SE-AlexNet: Model Architectures for Emotion Recognition with Squeeze-and-Excitation.
This file defines the exact model architectures matching the trained weight files.
Each model class mirrors the state_dict key structure of the original .pth files
to ensure seamless weight loading.
Architecture Summary:
- AlexNet : Standard AlexNet, num_classes=11 (pretrained on AffectNet 11-way)
- AlexNetWithSE_L1 : SE block after all conv layers (256ch), reduction r ∈ {2,4,8,16,32}
- AlexNetWithSE_L2 : SE block between fc6→fc7 (4096dim), reduction=16 (fixed)

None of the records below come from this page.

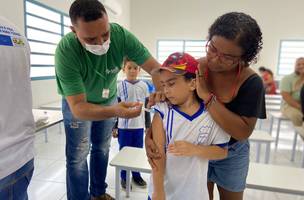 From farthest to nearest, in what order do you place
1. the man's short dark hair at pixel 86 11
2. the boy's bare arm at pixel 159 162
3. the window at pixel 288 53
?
the window at pixel 288 53 → the man's short dark hair at pixel 86 11 → the boy's bare arm at pixel 159 162

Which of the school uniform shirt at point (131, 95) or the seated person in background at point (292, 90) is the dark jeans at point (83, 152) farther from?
the seated person in background at point (292, 90)

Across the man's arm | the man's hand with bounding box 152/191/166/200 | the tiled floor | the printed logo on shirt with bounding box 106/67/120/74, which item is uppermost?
the printed logo on shirt with bounding box 106/67/120/74

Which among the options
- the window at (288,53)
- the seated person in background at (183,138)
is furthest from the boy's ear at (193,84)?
the window at (288,53)

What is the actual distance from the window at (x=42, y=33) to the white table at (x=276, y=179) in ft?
10.7

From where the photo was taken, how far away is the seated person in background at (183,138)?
981 millimetres

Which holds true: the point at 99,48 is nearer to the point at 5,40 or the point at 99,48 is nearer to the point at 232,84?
the point at 5,40

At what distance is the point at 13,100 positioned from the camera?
2.62 ft

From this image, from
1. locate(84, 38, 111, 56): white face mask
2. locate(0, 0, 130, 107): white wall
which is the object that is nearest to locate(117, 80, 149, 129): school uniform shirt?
locate(84, 38, 111, 56): white face mask

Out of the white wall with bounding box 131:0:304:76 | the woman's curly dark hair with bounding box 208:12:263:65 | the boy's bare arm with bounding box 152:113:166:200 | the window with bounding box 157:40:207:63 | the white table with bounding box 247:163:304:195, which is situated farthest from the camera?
the window with bounding box 157:40:207:63

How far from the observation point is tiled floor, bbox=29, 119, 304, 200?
219 centimetres

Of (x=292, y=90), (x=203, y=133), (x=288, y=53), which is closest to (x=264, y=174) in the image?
(x=203, y=133)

- AlexNetWithSE_L3 : SELayer inside classifier[0] (256ch), reduction r ∈ {2,4,8,16,32}
- VGG16 : Standard VGG16, num_classes=2 (binary Happy/Sad)
"""
import torch
import torch.nn as nn
import torch.nn.functional as F
# =============================================================================
# 1. Standard AlexNet (used by RawAlexNet)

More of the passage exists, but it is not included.